The real turning point in Vietnam was the North Vietnamese Tet Offensive in 1968. Although a great deal of space is devoted to this campaign, the exhibit fails to indicate how blindsided and shocked the American public was by the surprise attack. For years, Americans had been assured that Vietnam was a limited conflict, little more than a police action, in which the overwhelming power of American military might made it only a matter of time until the North Vietnamese were defeated and any lingering resistance mopped up. The Tet Offensive gave the lie to this assessment and revealed it to be little more than crude propaganda. As the American public learned they had been systematically lied to regarding North Vietnamese strength of purpose and military ability, the antiwar movement grew dramatically stronger, and the accompanying outrage brought down the Johnson presidency. Although America would eventually claim several months later to have won the battle, this was where the war was finally lost.
To its credit, the exhibit does not shy away from examining the split in American public opinion engendered by the war. The growth of the antiwar movement from May 12, 1964 when twelve men burned their draft cards in New York is carefully documented. Posters, buttons and news articles trace the growing anger that led to the first march, organized by SDS, in Washington on April 17, 1964 to the nationwide October 15, 1969 moratorium. Attention is given not only to such major political developments as Daniel Ellsberg's release of the Pentagon Papers in 1971 but also to manifestations in popular culture, such as Marvin Gaye's hit song "What's Going On" from that same year. The backlash against protesters by the establishment and by middle class blue collar workers is also discussed.
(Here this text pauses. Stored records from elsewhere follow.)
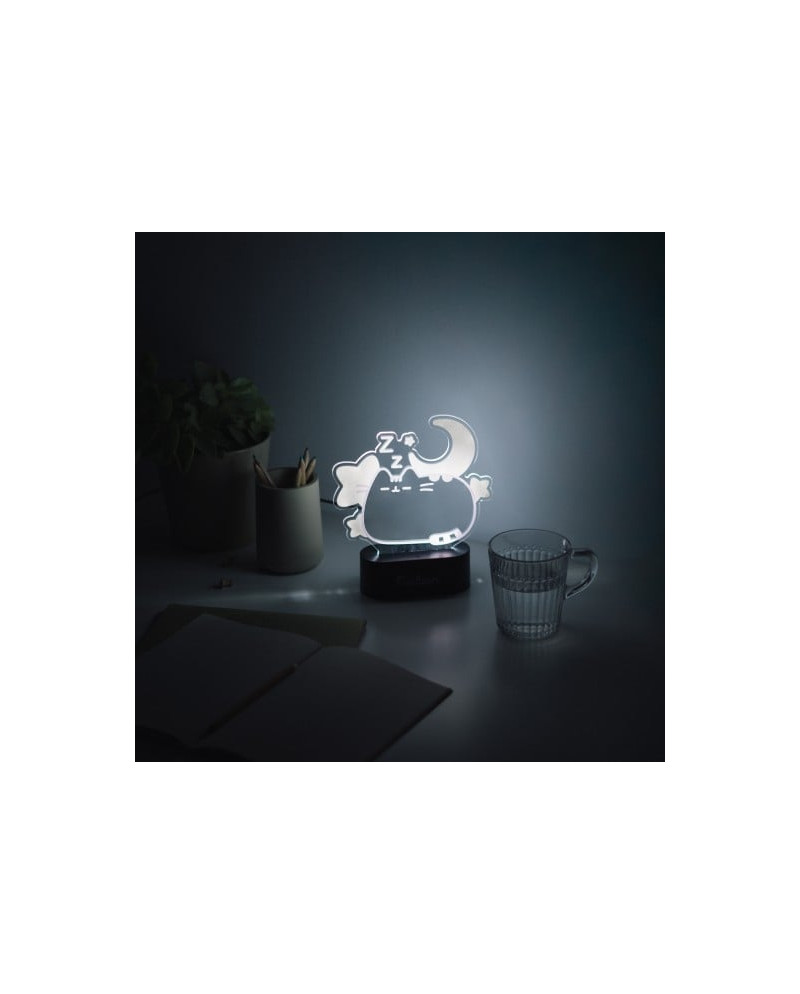 PUSHEEN - Sleep - Neon Decorative Lamp - 17cm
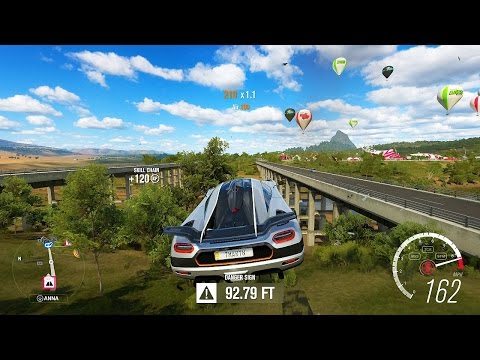 Forza Horizon 3 - Part 48 - Longest Jump in the Game?! - UC36MGPfPwOWafAXauiV4LdA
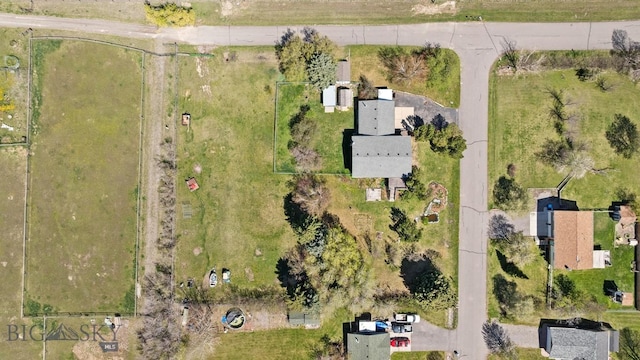 3450 W Hollyhock Dr, Belgrade, MT 59714 - drone / aerial view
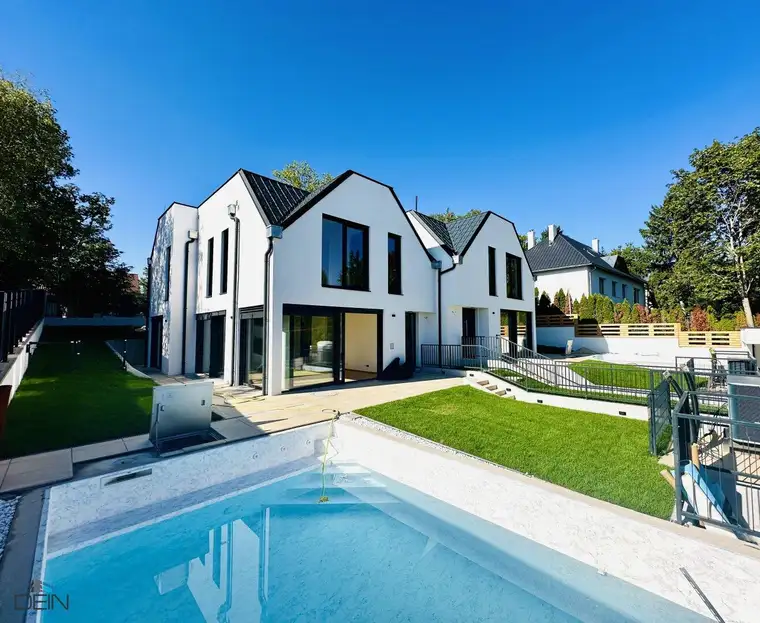 ++NEU++ EXKLUSIVE VOLLUNTERKELLERTE 5 ZIMMER DOPPELHAUSHÄLFTE MIT SWIMMINGPOOL!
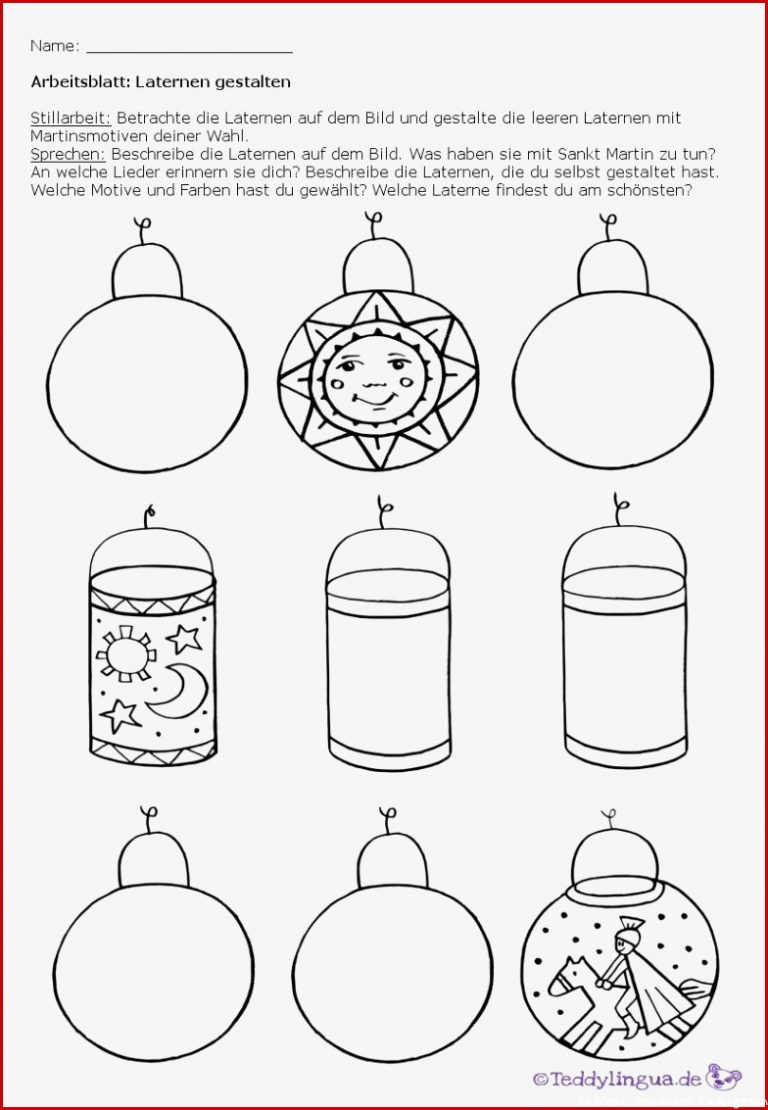 Daf Arbeitsblatt Für Kinder Zum thema Sankt Martin Und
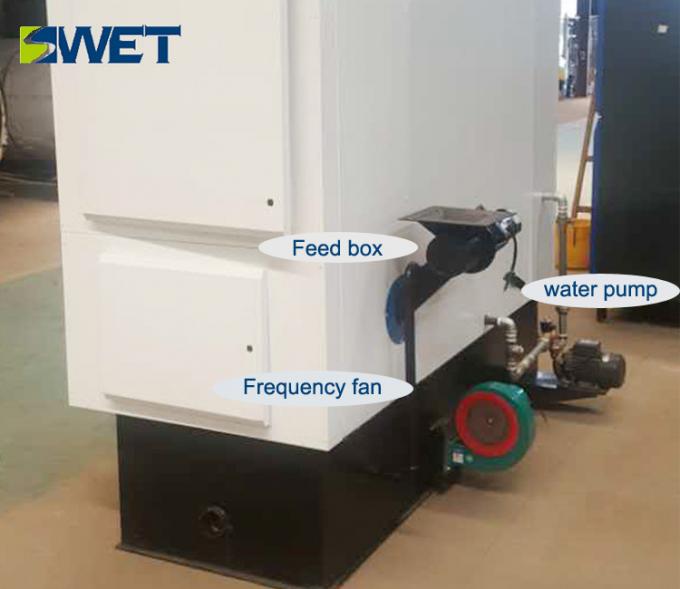 Caldeira de vapor industrial da biomassa da baixa pressão da eficiência elevada para a venda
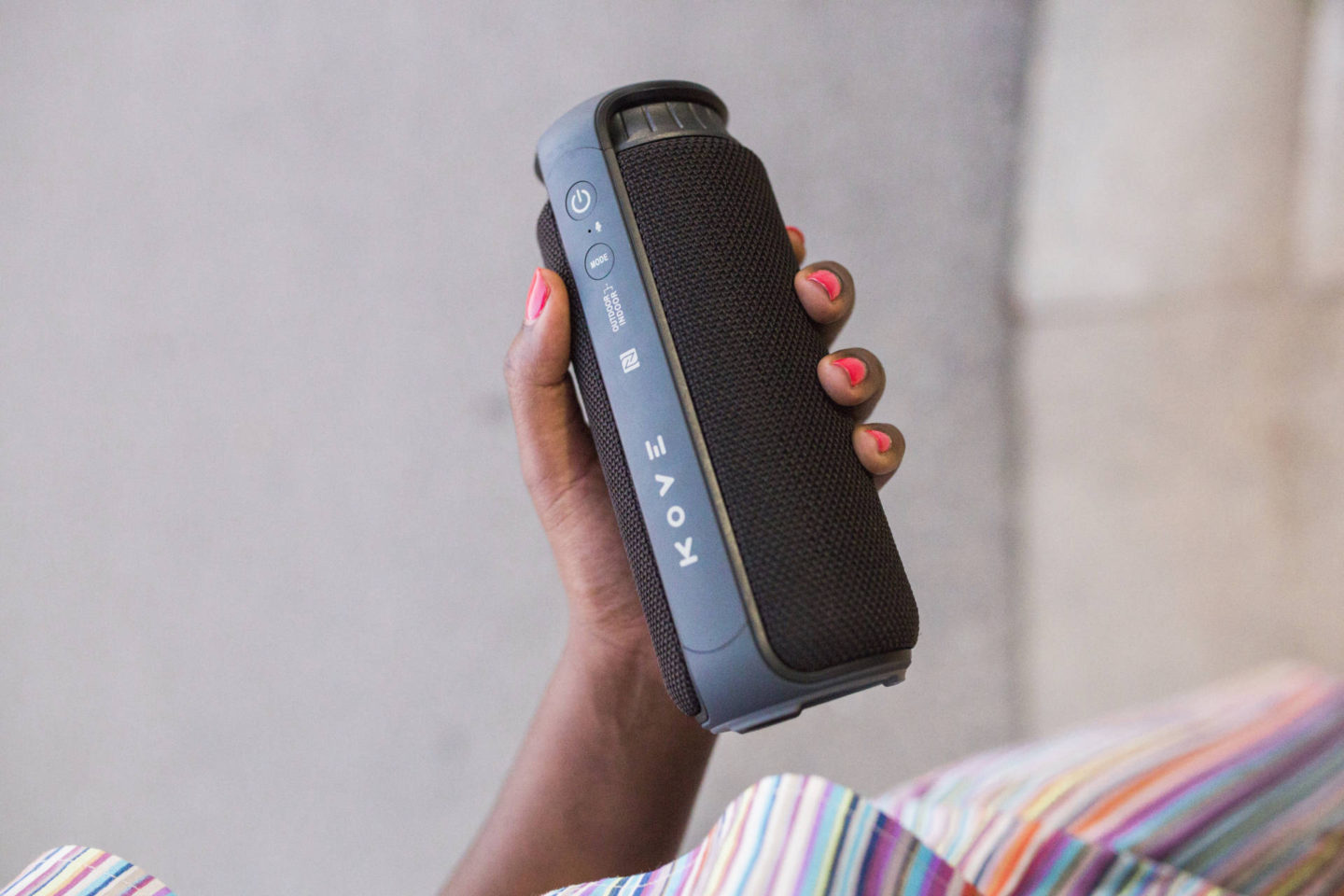 outdoor-dance-party-kove- The ultimate blue tooth wireless speaker that goes where you go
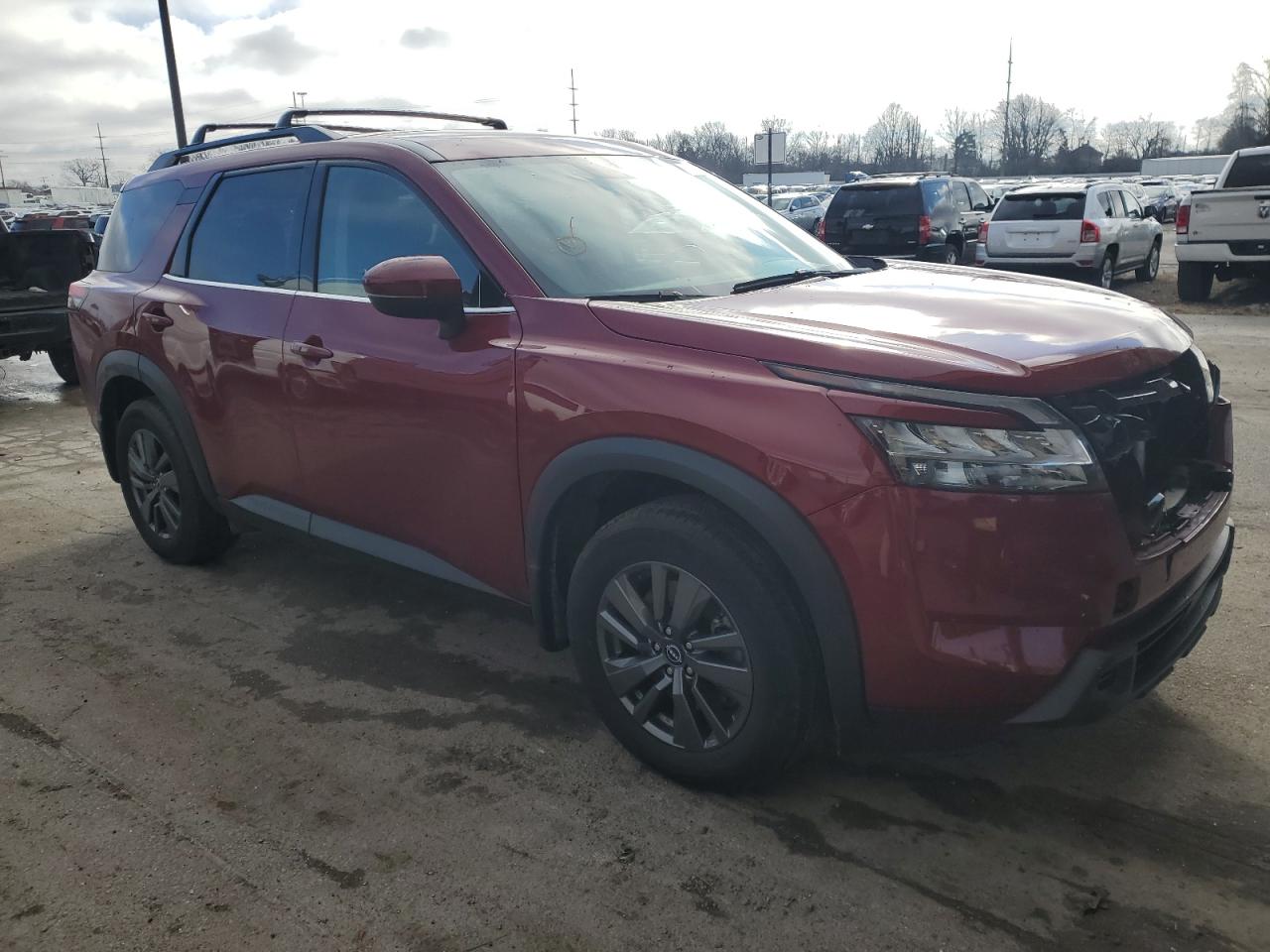 Nissan Pathfinder Sv
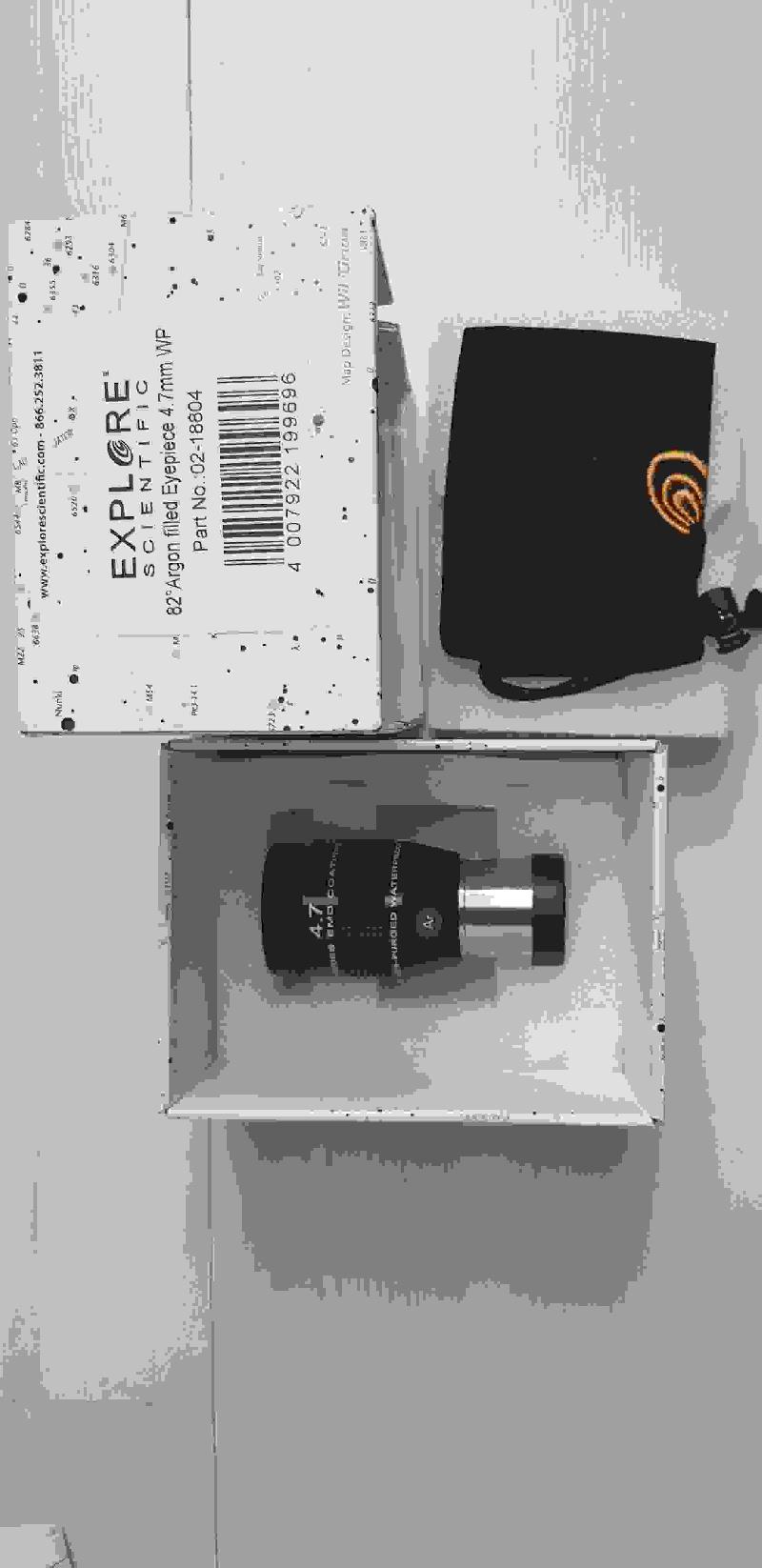 3 Oculaires explore scientific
In the end, the Vietnam War was a turning point for America. Never again would its citizens implicitly trust the word of any elected official. American ideals, accepted fervently for generations, were shown to be hollow promises based in racial inequality and in intolerance for the beliefs of others. The country has never been the same again. In a very real sense, the Vietnam War marked the end of America's greatness and the beginning of its decline.
The exhibit continues through April 22, 2018.